[Data listing]
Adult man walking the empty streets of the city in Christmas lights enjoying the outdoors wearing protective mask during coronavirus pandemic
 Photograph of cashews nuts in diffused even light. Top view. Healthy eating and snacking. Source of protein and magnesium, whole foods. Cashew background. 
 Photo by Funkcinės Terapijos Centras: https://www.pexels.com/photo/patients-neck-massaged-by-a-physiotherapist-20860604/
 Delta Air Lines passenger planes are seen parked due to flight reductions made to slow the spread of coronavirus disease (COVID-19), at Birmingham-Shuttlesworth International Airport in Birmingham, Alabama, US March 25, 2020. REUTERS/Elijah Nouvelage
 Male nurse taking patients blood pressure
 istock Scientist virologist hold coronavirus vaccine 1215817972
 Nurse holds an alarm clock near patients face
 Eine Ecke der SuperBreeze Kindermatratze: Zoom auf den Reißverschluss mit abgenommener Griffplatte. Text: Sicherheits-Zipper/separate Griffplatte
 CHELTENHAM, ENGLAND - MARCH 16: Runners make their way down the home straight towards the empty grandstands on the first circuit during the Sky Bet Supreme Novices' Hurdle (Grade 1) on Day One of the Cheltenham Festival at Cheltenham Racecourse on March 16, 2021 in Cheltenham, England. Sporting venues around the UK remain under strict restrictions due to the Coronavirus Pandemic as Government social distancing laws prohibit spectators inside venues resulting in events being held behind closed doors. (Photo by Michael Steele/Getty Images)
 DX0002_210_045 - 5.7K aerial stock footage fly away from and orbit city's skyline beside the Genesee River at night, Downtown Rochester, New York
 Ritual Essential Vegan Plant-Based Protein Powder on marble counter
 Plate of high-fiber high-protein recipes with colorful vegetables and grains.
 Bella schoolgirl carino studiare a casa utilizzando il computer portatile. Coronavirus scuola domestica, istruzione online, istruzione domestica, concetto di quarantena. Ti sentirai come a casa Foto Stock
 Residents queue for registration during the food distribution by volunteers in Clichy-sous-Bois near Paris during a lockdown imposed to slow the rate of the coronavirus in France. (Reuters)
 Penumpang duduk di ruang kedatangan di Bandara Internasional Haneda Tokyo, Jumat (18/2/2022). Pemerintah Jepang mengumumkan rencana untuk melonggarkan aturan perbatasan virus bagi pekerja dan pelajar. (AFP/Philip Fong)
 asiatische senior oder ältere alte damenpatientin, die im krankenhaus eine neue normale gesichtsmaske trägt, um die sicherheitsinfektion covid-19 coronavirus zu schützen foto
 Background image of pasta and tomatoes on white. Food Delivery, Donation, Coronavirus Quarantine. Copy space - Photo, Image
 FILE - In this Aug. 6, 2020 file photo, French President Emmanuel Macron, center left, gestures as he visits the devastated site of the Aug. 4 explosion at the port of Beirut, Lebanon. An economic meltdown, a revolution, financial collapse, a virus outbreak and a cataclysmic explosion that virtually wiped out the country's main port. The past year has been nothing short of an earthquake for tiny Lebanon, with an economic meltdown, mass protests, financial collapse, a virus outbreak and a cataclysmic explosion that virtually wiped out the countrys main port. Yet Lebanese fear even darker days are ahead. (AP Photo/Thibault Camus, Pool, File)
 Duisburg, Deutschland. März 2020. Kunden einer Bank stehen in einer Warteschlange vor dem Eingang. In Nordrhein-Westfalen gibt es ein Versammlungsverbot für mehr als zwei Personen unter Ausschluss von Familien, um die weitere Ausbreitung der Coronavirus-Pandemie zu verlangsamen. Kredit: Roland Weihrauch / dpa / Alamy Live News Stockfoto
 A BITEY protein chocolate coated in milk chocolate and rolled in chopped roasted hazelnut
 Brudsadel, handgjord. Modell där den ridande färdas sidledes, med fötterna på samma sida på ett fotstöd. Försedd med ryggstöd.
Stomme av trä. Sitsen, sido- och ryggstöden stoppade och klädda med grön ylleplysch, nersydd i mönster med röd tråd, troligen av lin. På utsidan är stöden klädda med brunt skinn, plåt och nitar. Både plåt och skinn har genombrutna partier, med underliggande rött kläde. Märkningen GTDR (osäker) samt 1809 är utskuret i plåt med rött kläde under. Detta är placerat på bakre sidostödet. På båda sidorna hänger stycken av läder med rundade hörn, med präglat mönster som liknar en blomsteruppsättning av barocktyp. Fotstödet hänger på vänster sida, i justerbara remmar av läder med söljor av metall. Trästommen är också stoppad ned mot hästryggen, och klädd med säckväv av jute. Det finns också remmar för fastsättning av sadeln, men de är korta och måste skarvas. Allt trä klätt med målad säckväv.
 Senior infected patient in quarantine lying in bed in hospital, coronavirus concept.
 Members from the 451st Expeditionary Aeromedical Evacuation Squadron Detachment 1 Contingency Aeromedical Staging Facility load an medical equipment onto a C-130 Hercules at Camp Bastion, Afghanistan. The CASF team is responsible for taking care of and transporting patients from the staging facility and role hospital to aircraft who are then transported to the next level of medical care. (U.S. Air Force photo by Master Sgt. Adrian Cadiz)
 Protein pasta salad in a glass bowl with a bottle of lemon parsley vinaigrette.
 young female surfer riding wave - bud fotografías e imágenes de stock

[Work order] Write out every line of the preceding listing that contains "under".

[Written reply]
 CHELTENHAM, ENGLAND - MARCH 16: Runners make their way down the home straight towards the empty grandstands on the first circuit during the Sky Bet Supreme Novices' Hurdle (Grade 1) on Day One of the Cheltenham Festival at Cheltenham Racecourse on March 16, 2021 in Cheltenham, England. Sporting venues around the UK remain under strict restrictions due to the Coronavirus Pandemic as Government social distancing laws prohibit spectators inside venues resulting in events being held behind closed doors. (Photo by Michael Steele/Getty Images)
Stomme av trä. Sitsen, sido- och ryggstöden stoppade och klädda med grön ylleplysch, nersydd i mönster med röd tråd, troligen av lin. På utsidan är stöden klädda med brunt skinn, plåt och nitar. Både plåt och skinn har genombrutna partier, med underliggande rött kläde. Märkningen GTDR (osäker) samt 1809 är utskuret i plåt med rött kläde under. Detta är placerat på bakre sidostödet. På båda sidorna hänger stycken av läder med rundade hörn, med präglat mönster som liknar en blomsteruppsättning av barocktyp. Fotstödet hänger på vänster sida, i justerbara remmar av läder med söljor av metall. Trästommen är också stoppad ned mot hästryggen, och klädd med säckväv av jute. Det finns också remmar för fastsättning av sadeln, men de är korta och måste skarvas. Allt trä klätt med målad säckväv.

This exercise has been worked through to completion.